▸ **Problem details**: Skip all lines in the entries below that come before the one containing "People delightful as Zayandehrud flows again". Repeat that line and the rest exactly.

Items from a data source
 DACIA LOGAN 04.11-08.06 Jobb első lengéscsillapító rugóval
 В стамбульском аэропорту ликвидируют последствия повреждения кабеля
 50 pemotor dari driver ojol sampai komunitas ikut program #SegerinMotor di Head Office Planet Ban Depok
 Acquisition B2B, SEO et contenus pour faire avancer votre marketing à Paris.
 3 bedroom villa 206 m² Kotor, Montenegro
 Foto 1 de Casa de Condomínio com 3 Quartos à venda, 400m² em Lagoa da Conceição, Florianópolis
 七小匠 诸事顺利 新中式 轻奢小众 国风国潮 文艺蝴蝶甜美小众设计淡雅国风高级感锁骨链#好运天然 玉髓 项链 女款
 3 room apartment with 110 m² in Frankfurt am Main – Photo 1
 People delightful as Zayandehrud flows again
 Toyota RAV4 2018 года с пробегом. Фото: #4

▸ **Your solution**:
 People delightful as Zayandehrud flows again
 Toyota RAV4 2018 года с пробегом. Фото: #4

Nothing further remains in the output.